Notes from the Week #8

Despite my best efforts, I seem to be succumbing to the same cold that’s going around at work right now, so a brief and late weeknotes from last week - my brain is full of fluff and being slow. Blerggh.

Money talks

Steve and I had another excellent Wednesday chat, and we talked a bit about our experiences with budgeting and procurement. We’re both in a similar position where the real value of our teams is often in second or third order effects rather than direct revenue.

E.g. replacing a system, which shaves off toil (in the SRE Book sense of the word) for each team, increasing productivity and streamlining onboarding, but from a budgetary point of view it’s still just a cost and the effects might have a long lead time.

In these cases, it’s often hard to make compelling business cases (particularly if they are risk-based, and we’ve accepted the risk up until this point).

There seems to be no easy answer to this question other than making good faith arguments about the perceived benefits of the change, enumerating costs and savings wherever possible, and trying to monitor things like time spent on toil within each team.

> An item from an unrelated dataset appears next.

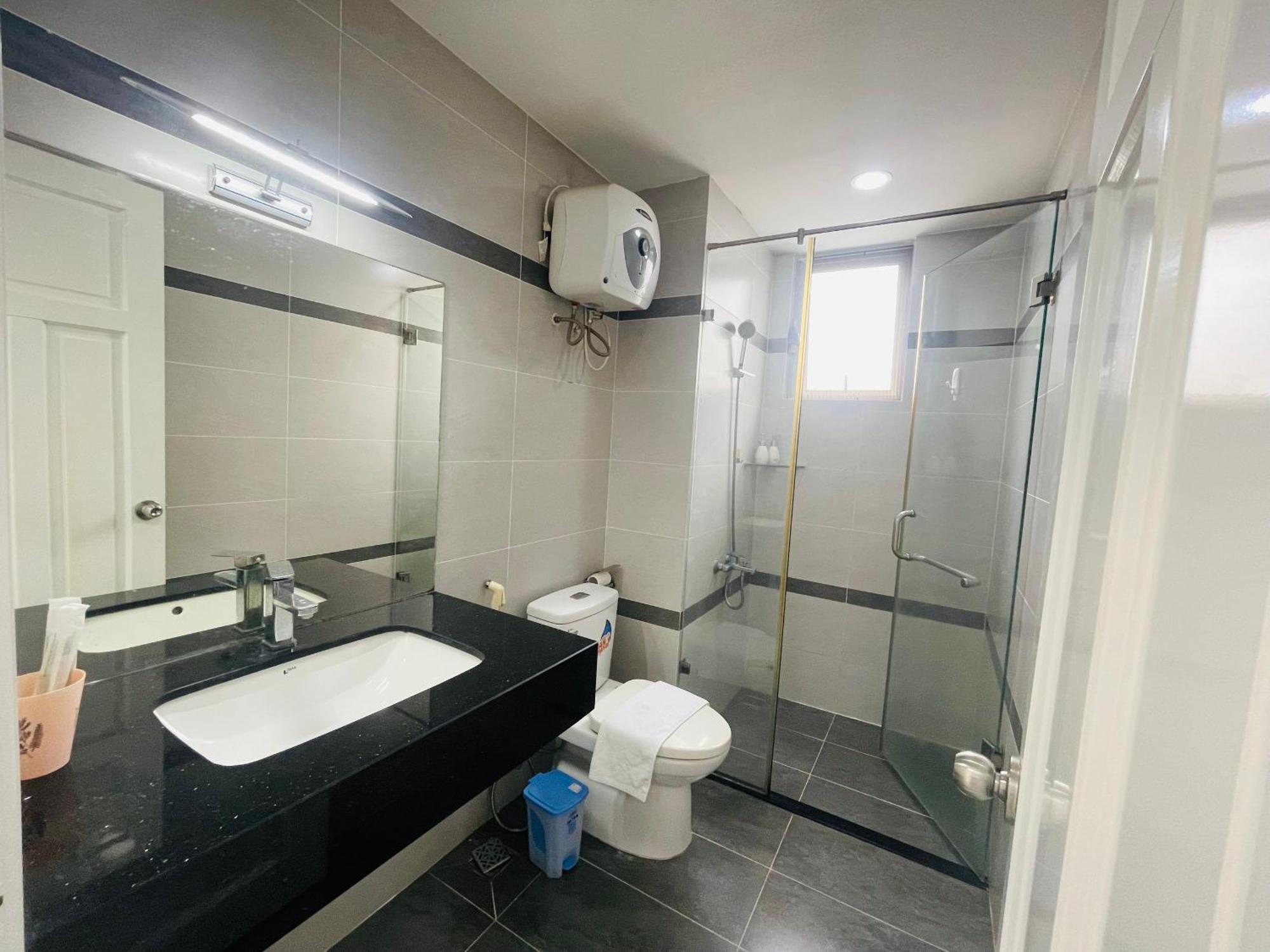Căn hộ Secc Luxury 2-br Apartment, Scenic Valley, Saigon Exhibition And Convention Center, Fv Hospital, Phu My Hung District 7 *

If anyone has good suggestions, please let me know through Twitter or other means!

Adopting a new platform

After a few weeks of trialling and figuring out the cost-benefits, the Shift team has moved from an in-house paging service to Opsgenie - we’re a small team so reap the benefits of the free plan, but we like it so much that we’re putting together a business case to roll this out across the whole of Product Development at Unruly.

The integration was delightfully easy, so major kudos to the Opsgenie team and their thorough documentation!

Moving towards SLx

Before the Shift team came into existence, shared systems were collectively owned and so ‘everyone’ was responsible for them. Now that there is a dedicated team to drive and improve, we feel a need to have a conversation tool to talk about reliability of the mission-critical shared services we maintain (like metric collection, monitoring, paging).

We’re going to be experimenting with SLx (service level indicators/objectives/agreements) and error budgets as a way to communicate these things.

There’s a good chapter in the SRE book about these things.